A Utah man who worked at Hill Air Force Base has been charged with illegally exporting F-16 aircraft parts to Indonesia.
Scott A. Williams, 51, of Huntsville, is charged in U.S. District Court with two counts of unlawful exportation of goods from the United States, false statement in a document, and conversion of property of the United States.
Williams is a former civilian contract employee at Hill Air Force Base where he worked with the Foreign Military Sales Program with specific responsibility for F-16 parts, according to federal prosecutors.
An indictment unsealed last week alleges Williams exported two F-16 Aircraft brake assemblies, knowing it was a violation of federal law to export them.
The indictment also alleges Williams prepared a document falsely authorizing two F-16 brake assemblies to be shipped to Indonesia in violation of federal law.
The indictment further alleges Williams exported several documents, identified in the indictment as U.S. Air Force technical orders for F-16 aircraft. The final count of the indictment alleges Williams converted to his own use, and for the use of another, technical data of F-16 aircraft through the use of an external hard drive containing U.S. Air Force orders. The indictment alleges the items were in Williams' care and possession by virtue of his employment as a program and financial manager at Hill Air Force Base.
Williams, who was arrested on the charges in the indictment on Feb. 19, was arraigned Feb. 23 before U.S. Magistrate Judge Dustin Pead.
He entered pleas of not guilty to the four charges. Trial is set for May 2 before U.S. District Court Judge Jill Parrish.
Pead released Williams on conditions that include avoiding contact with individuals considered either alleged victims, potential witnesses and or co-defendants in the case. He also must undergo a mental health evaluation and complete any recommended treatment, as directed by his pretrial release officer.
The potential maximum penalty for each count of unlawful exportation of goods from the United States is 10 years in prison. False statement in a document carries a potential penalty of up to five years. Conversion of government property has a potential penalty of 10 years.
"The U.S. Attorney's Office represents the interests of the United States in the federal court, and we are committed to protecting the assets and technology of the U.S. Air Force and the Department of Defense," U.S. Attorney John W. Huber said Tuesday.
"Air Force Office of Special Investigations (AFOSI) takes allegations involving the illegal technical transfer of Department of Defense aircraft technologies very seriously. Prevention, detection, and/or prosecution of such transfers are essential to ensuring our ability to maintain air supremacy against our adversaries. This investigation was the result of hard work and contributions made by the personnel of the U.S. Department of Homeland Security's Homeland Security Investigations, IRS Criminal Investigation, the Air Force Audit Agency, the Defense Contract Audit Agency, and the Defense Criminal Investigative Service," said OSI Special Agent Dave Bolton, OSI Detachment 113.

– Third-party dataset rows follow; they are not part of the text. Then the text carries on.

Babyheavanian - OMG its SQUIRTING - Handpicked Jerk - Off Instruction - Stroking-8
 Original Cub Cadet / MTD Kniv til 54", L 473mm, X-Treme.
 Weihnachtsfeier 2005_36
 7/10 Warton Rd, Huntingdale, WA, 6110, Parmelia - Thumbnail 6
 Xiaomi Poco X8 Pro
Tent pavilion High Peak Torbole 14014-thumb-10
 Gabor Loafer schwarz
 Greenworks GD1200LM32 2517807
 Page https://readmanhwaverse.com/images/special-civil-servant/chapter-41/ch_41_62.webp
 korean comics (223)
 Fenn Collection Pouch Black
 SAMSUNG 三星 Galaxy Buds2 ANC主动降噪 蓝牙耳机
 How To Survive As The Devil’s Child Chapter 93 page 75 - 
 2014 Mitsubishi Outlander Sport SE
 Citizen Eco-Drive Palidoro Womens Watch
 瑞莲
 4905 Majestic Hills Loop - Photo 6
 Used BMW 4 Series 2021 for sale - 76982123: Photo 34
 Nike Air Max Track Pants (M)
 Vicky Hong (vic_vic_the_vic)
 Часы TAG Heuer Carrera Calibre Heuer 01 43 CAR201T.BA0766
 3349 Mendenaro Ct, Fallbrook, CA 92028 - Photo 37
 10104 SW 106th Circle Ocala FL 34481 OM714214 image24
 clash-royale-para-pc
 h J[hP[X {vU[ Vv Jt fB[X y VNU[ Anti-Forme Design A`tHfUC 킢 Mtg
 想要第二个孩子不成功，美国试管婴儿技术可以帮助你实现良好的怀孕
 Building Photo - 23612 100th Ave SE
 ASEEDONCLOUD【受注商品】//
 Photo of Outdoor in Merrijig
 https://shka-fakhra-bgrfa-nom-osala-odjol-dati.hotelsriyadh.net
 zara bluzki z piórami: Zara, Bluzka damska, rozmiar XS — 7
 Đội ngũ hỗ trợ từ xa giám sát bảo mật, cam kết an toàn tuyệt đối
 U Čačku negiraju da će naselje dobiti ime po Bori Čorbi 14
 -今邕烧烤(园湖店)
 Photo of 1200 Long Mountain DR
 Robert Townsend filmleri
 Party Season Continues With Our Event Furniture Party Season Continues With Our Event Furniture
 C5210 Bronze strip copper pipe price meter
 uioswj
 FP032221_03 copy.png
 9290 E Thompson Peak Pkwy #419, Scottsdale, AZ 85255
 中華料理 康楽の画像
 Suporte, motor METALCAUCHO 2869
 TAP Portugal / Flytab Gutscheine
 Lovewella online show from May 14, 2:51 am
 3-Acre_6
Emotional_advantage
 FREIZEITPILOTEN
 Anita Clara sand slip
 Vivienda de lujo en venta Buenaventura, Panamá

"The primary goal of Homeland Security Investigations (HSI) Counter Proliferation Investigations is detecting and disrupting illegal exports before they, or the actors behind them, damage U.S. national security interests," said David A. Thompson, Special Agent in Charge of HSI Denver. "HSI is committed to aggressively investigating these violations to prevent unauthorized countries from procuring anything that could harm the national security interests of the United States and its allies."